In my second lecture I look at so-called alternative methods – including biodynamics. I offer Cullen winery as an example – to show them that organic, and indeed biodynamic farming (think moon charts and soil preparation) is not as left of centre as they may think. And so this morning I find an article in the West Australian that Cullen Diana Madeleine 2011 cabernet has been judged the WA wine of the year.

Some students glaze over as soon as we discuss these concepts – or indeed the idea that we all need to think about what we eat, what we waste and how we can better feed ourselves and the world.

Most of our students enjoy the material we present and try to improve their own eating. In truth we can all make changes that will bring us better health and improve the world’s situation. Not wasting food is top priority. Sure that rotting lettuce in the back of the fridge can’t be packed up and sent to Sudan, but many students refuse to accept that their behaviour may have consequences at all. We argue that if the developed world wasted less food there would theoretically be more food available – to donate, to sell, to distribute. If you don’t believe food waste is a problem, watch Supervalue: A look at food miles and food waste.

We can and do have an impact on global food production every time we go to the till. This month saw Jamie Oliver becoming the new face of Woolworth’s: they get the Jamie razzle-dazzle, he gets to see more sustainable and humane food supplies from a major food supplier.

Are Woolies doing this because of their ethical concerns? Of course not. They have found an excellent way to build on their “Fresh Food People” branding by becoming the sustainable food people, at least in their advertising. They are responding to public sentiment. The case of free-range eggs and indeed chickens is an excellent example. When I first began buying free range eggs about 10 years ago, they were twice the price of cage eggs. Now the difference is far less because the demand has increased. There’s money in those happy chooks, just as there is in organic produce.

It’s important that we realise that we do have choices and our food dollars have power. There are a number of ways that you, yes you, can be a more conscientious omnivore.

Avoid or cut down on processed food, redolent with salt, fat, sugar or fructose in the form of corn syrup. Refined grains like white flour and white sugar give you a quick energy hit followed by a big drop. They also make you fat.

Generally eat locally sourced produce in preference to imported – less fuel is used to get it to you, you support your local farmers and in the case of fruit and vegetables it should be fresher. That means eating seasonally and nature provides well for us in this regard. After all, why do we get abundant oranges, mandarins and lemons in winter…?

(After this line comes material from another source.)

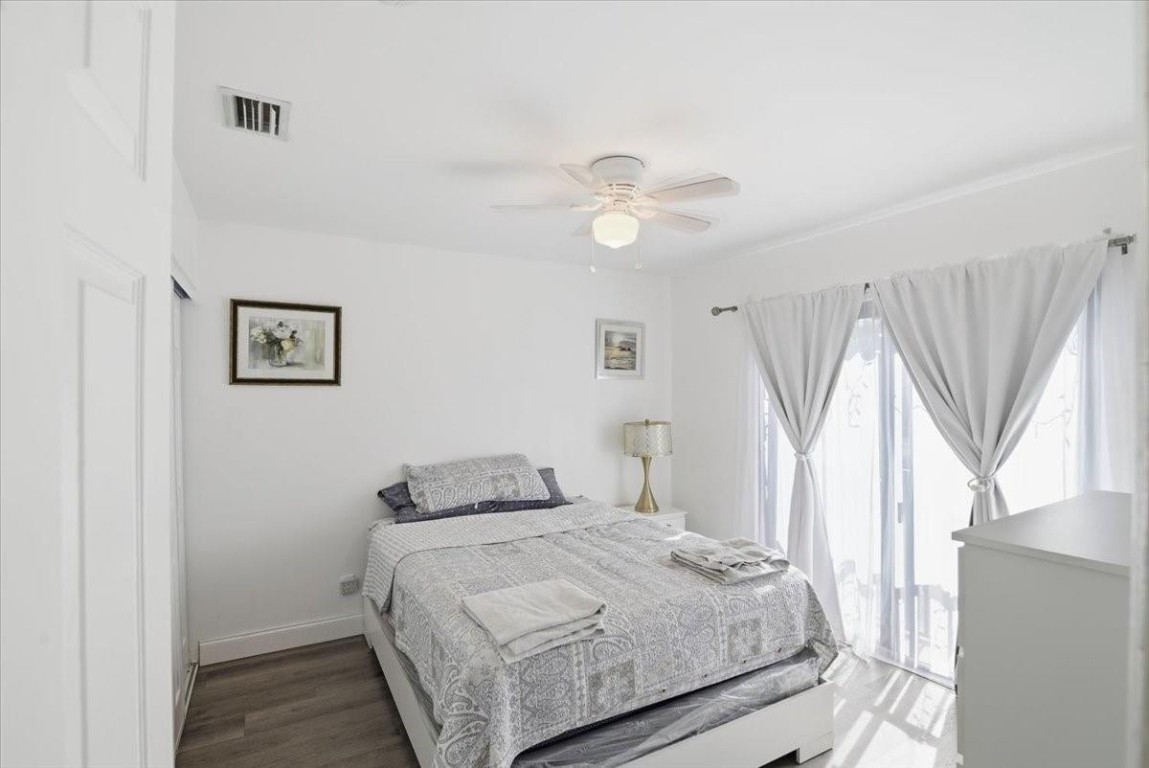 Woodlake Village Twnhms C - Residential Lease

Cook from scratch whenever you can: Michael Pollan says almost anything you cook for your self will be more nutritious than fast food, packaged and processed convenience foods. I say that the exception might be Elvis-style deep fried peanut butter and jam sandwiches.

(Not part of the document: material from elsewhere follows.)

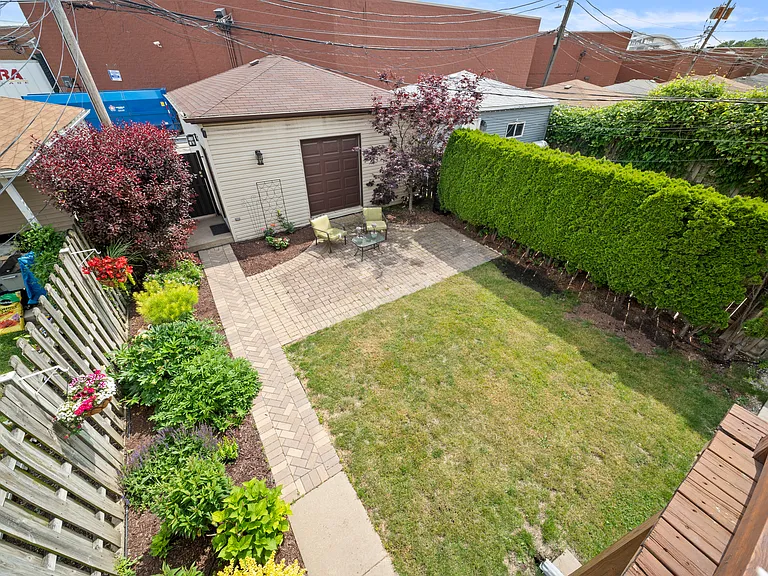 2259 W Diversey Ave #1 — Photo 17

Grow something to eat – anything! One of the principles of permaculture gardening is that you should always obtain a yield.  Community gardens are appearing all over as are school kitchen gardens. I may be the world’s worst gardener, but a major breakthrough for me was realising you had to water regularly. I have a veggie garden thanks to my green thumbed ex. Insects continue to thwart me, as does lack of time and energy, but the mandarin tree I transplanted when we moved is thriving. The miserable mulberry tree that my mother potted from a sprout from the original years ago has followed us to the new house. Replanted it’s now almost thriving, but my proudest effort is the blueberry – now in its third year it is producing whole handfuls of sweet berries at a time with my first crop being a single handful. If you have a small garden you can grow in pots as our students do for their “home garden” assignment. Or you can just grow some fresh herbs on your window sill. If you have a lemon tree why not put a big box full on the verge with a help yourself sign as some kind folks in my street have done? Take these ideas a little further and anything can happen. Do take  the time to listen to the remarkable Pam Warhurst: How we can eat our landscapes

No-one needs to be a martyr to the cause of culinary correctness. But we can and should eat better, we can all contribute to feeding the world.

Wasting Away

I’ve lost 18 kilos since March; no wonder I’m less averse to climbing stairs. Clearly it’s a good thing but it has provided me with two conundra. The first is how to answer that question: “Aren’t you amazing, how did you do that”? In all honesty I don’t know how, but it leads to another question: if I’m now amazing, what was I before? Lazy? Indulgent and out of control? That is the message I’ve received for years.

However it’s the weight loss itself I’d like to address here. It is something of a mystery. I have lost weight slowly and without the aid of technologies such as gym membership, designer jogging shoes, weight loss programs, a dietician or even a diet. For all I know I may be seriously ill.

I’ve begun to dread that question, but it has made me think about it. There are the usual suspects: stress, overwork etcetera but there are other factors. Most notable amongst these is the fact that I spent most of those months teaching a course in “Food Studies”, an interdisciplinary course that teaches first year Uni students where our food comes from.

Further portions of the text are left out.